### Problem details
The result should be the lines from the one holding "Bright, empty room" to the final line of the records, retyped exactly.

### Provided material
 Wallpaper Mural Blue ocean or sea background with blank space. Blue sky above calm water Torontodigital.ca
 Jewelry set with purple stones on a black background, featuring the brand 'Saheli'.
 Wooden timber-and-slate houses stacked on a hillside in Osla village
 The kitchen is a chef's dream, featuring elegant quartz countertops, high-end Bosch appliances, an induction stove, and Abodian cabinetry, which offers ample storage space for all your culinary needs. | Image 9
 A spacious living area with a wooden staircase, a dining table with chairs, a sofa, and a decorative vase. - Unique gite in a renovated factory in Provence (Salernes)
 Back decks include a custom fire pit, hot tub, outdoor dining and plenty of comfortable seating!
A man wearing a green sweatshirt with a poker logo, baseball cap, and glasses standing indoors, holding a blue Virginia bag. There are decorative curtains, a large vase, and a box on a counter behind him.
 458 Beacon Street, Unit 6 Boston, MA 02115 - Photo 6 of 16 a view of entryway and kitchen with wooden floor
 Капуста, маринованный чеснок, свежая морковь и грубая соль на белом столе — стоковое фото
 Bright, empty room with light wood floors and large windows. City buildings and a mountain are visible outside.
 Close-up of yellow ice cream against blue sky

### Solution to this task
 Bright, empty room with light wood floors and large windows. City buildings and a mountain are visible outside.
 Close-up of yellow ice cream against blue sky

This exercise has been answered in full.